■ Given entries
• • •

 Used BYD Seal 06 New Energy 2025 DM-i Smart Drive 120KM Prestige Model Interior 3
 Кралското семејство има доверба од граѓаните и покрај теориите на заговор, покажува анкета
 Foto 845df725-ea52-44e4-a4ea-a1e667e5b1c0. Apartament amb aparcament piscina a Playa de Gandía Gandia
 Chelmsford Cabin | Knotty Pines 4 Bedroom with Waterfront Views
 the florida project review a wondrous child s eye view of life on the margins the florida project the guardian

• • •

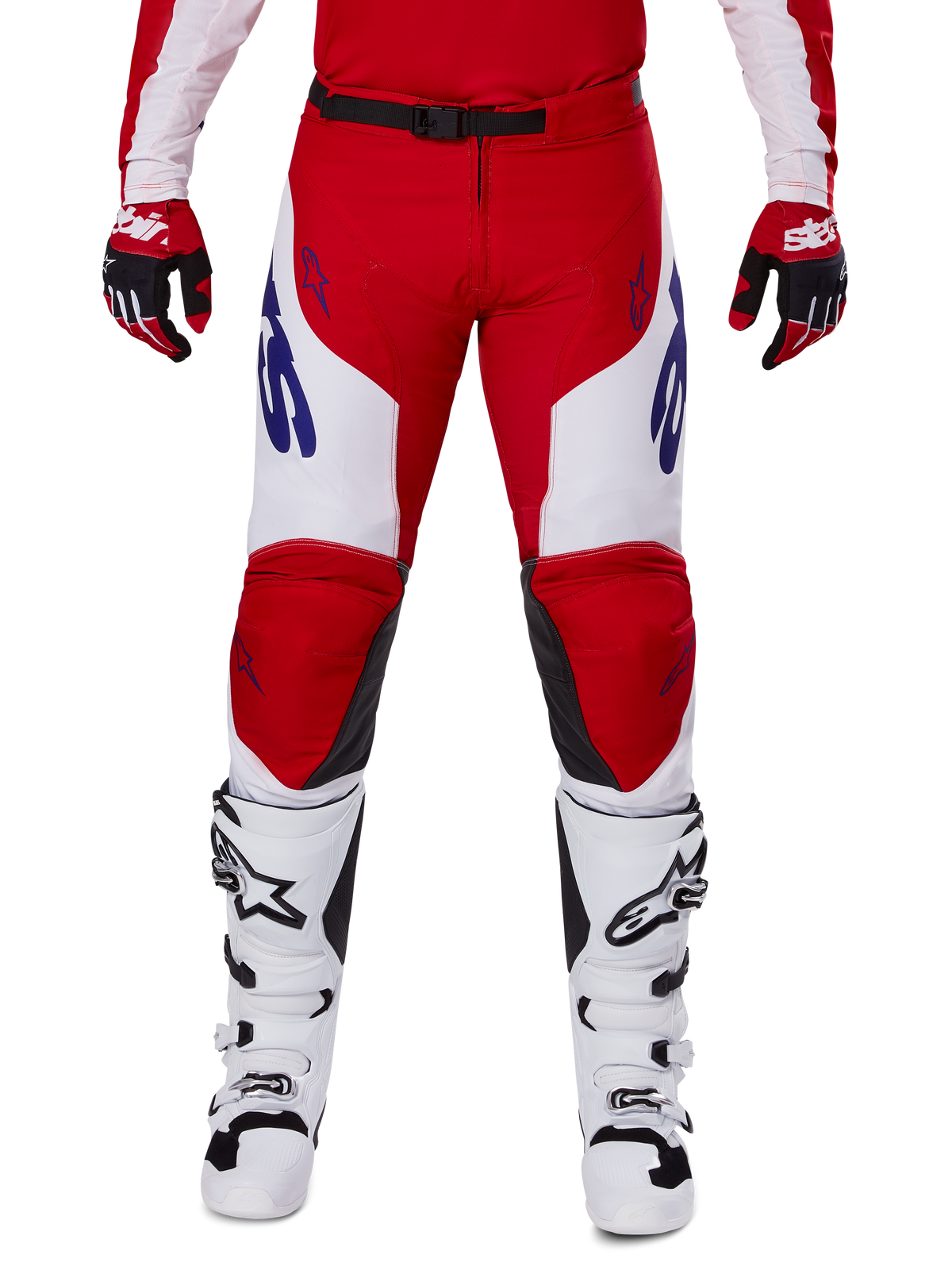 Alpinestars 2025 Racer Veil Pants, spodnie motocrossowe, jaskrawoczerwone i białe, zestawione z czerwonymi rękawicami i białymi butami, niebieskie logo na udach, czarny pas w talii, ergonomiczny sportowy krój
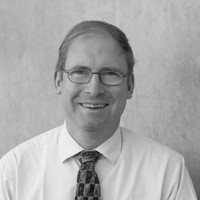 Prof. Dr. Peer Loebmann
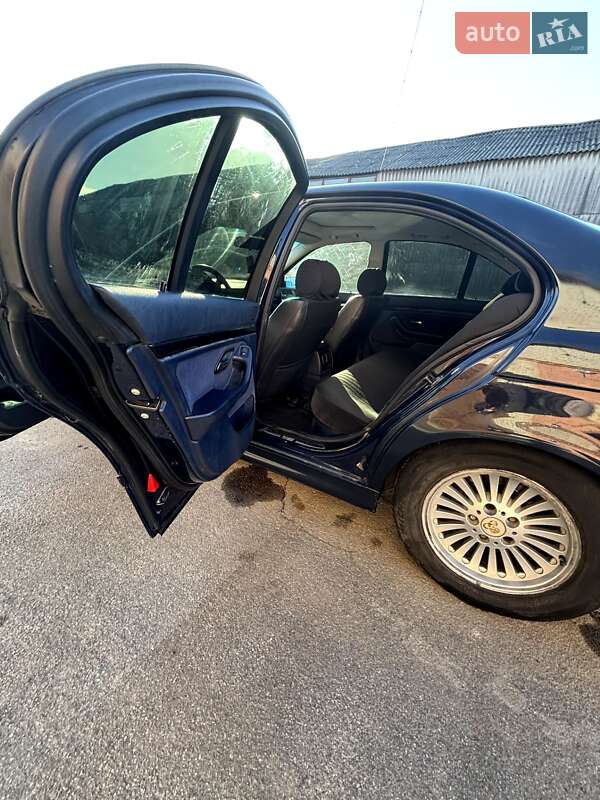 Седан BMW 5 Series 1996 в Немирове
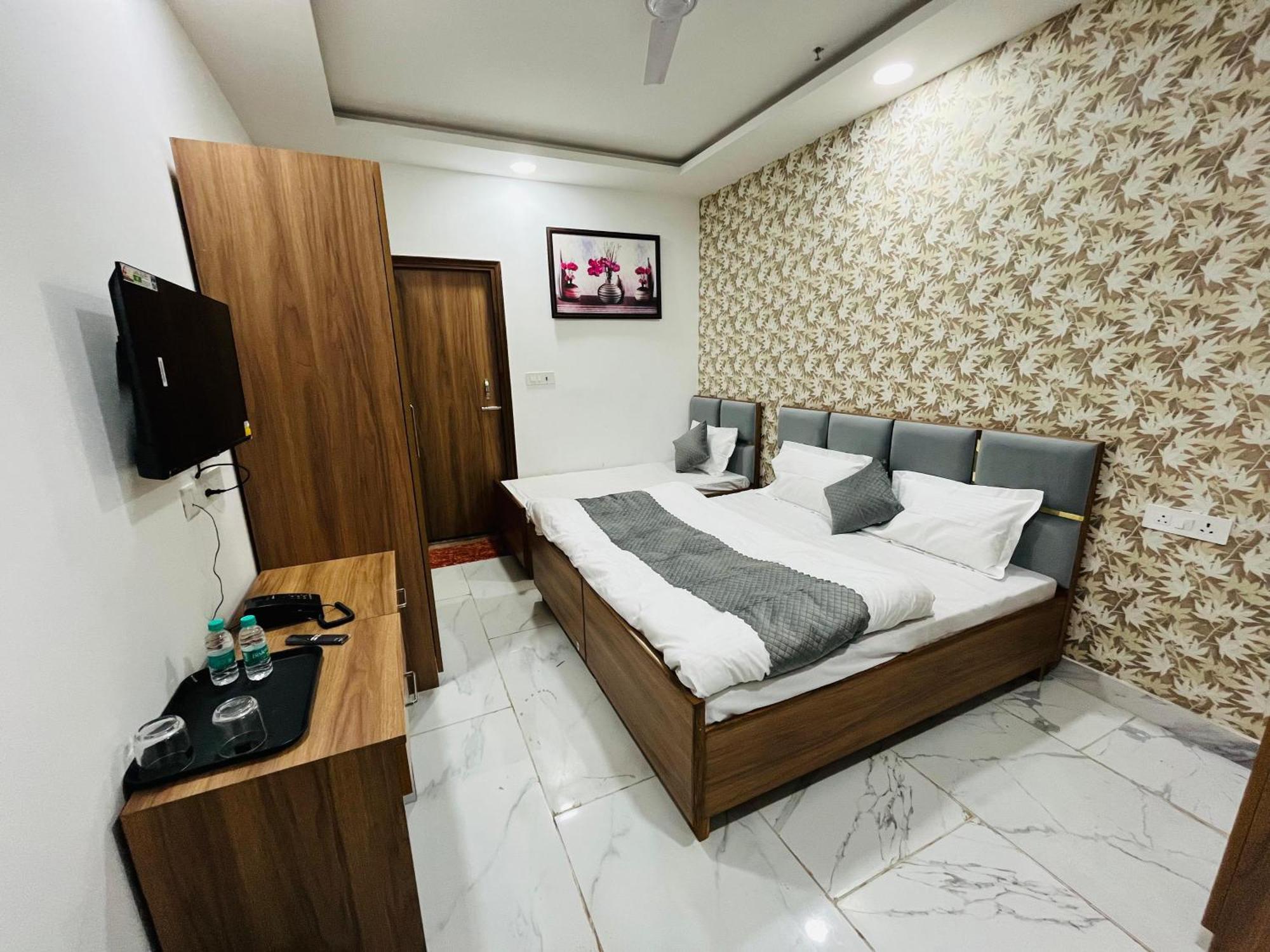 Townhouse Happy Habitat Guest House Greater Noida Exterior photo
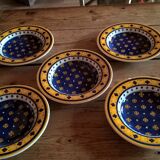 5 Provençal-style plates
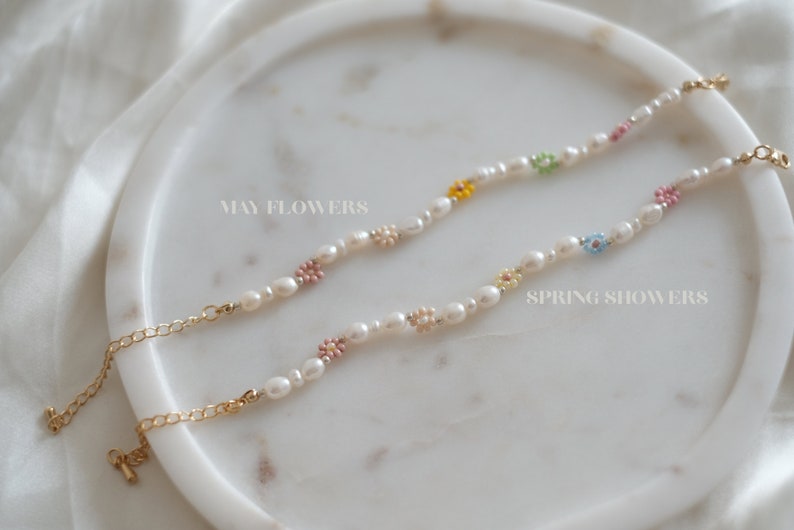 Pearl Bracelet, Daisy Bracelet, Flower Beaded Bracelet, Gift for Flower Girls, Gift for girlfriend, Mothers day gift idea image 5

• • •

■ Instructions for the task
Take the material above from the line bearing "5 Provençal-style plates" through the line bearing "Pearl Bracelet, Daisy" and write it out exactly, both end lines included. Pictures stay out.

■ Solution to the problem
 5 Provençal-style plates
 Pearl Bracelet, Daisy Bracelet, Flower Beaded Bracelet, Gift for Flower Girls, Gift for girlfriend, Mothers day gift idea image 5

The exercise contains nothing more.